Miriane Demers-Lemay
Collaboration spéciale
Selon le professeur Olivier Germain, il est possible de s’attaquer aux inégalités dans le secteur entrepreneurial en mettant en valeur des modèles d’entrepreneurs qui sortent des stéréotypes.
Photo: iStock Selon le professeur Olivier Germain, il est possible de s’attaquer aux inégalités dans le secteur entrepreneurial en mettant en valeur des modèles d’entrepreneurs qui sortent des stéréotypes.

Si les entrepreneurs émergents font face à une panoplie de défis, les minorités visibles et les femmes doivent souvent prendre les bouchées doubles pour arriver au même résultat. Comment déconstruire les inégalités structurelles au sein du monde entrepreneurial ? Selon Olivier Germain, professeur en entrepreneuriat à l’Université du Québec à Montréal (UQAM), cela passe notamment par l’émergence d’entrepreneurs qui montrent la voie vers de nouveaux possibles.

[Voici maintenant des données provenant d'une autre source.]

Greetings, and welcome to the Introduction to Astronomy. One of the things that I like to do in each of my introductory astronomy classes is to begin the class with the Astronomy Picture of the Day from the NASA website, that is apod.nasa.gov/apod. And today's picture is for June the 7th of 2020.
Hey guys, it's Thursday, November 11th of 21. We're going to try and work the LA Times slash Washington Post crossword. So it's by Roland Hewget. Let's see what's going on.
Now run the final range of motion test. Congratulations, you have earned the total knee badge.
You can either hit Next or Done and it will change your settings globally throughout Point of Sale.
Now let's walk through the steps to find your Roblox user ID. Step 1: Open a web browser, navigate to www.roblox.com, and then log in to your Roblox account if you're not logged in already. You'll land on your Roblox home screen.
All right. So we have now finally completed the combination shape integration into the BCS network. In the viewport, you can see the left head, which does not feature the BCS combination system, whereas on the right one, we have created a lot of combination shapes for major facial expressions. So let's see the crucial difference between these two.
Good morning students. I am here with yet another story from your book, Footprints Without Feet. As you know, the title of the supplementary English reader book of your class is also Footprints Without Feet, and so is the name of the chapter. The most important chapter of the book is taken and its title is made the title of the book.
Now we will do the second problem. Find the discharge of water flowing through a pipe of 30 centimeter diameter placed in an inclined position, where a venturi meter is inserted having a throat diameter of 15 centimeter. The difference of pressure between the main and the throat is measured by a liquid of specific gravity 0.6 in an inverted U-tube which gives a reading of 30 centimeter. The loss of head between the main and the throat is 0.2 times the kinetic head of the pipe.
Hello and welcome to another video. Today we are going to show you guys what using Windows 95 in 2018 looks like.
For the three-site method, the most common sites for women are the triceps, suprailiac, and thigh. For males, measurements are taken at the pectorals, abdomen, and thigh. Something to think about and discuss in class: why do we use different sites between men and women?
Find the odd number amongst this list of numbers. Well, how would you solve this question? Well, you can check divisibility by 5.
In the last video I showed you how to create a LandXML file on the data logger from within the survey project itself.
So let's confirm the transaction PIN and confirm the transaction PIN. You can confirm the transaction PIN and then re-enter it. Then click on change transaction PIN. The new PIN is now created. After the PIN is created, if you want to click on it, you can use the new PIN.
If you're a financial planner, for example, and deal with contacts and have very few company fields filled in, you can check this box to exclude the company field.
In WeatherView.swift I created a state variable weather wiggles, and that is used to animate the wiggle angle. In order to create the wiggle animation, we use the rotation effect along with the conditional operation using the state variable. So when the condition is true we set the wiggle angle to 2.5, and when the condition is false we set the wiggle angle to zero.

Des propos déplacés, un ton condescendant… Aux États-Unis, des femmes ont créé l’adresse courriel d’un faux collègue masculin pour démontrer la différence de traitements entre les hommes et les femmes. Plusieurs exemples comme celui-ci révèlent les inégalités dans le secteur entrepreneurial, précise Olivier Germain.

« Toutes les structures d’accompagnement, de financement, tout l’écosystème entrepreneurial a d’abord été pensé par et pour des hommes blancs, dans la force de l’âge, scolarisés, dit-il. Il y a des microagressions et des violences systémiques que vont rencontrer des personnes qui ne correspondent pas au stéréotype de l’entrepreneur, comme des femmes ou des groupes minorisés. Il peut être plus difficile pour elles d’avoir accès au financement ou de construire des réseaux pour développer des projets. »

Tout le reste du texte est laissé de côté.